Each line below from the one containing "Interferon Induced Protein" through the one containing "エステ 【結果が出る肌管理】 Ryanのエステ・リラクイメージ" should be output exactly as it stands, and no other line should appear.

### Given data
---------------
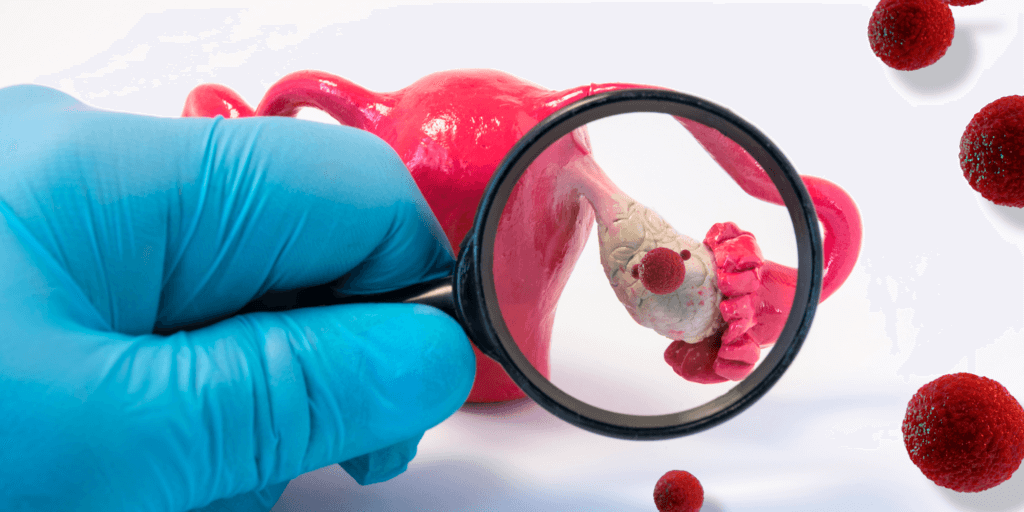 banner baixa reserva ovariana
---------------
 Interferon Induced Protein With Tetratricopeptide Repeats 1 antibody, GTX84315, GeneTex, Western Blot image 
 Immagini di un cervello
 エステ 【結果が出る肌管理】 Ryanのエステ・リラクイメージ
---------------
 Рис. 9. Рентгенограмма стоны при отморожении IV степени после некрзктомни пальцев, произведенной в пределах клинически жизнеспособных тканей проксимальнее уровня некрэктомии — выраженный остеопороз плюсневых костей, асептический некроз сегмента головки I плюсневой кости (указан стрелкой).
---------------
### Output of the exercise
 Interferon Induced Protein With Tetratricopeptide Repeats 1 antibody, GTX84315, GeneTex, Western Blot image 
 Immagini di un cervello
 エステ 【結果が出る肌管理】 Ryanのエステ・リラクイメージ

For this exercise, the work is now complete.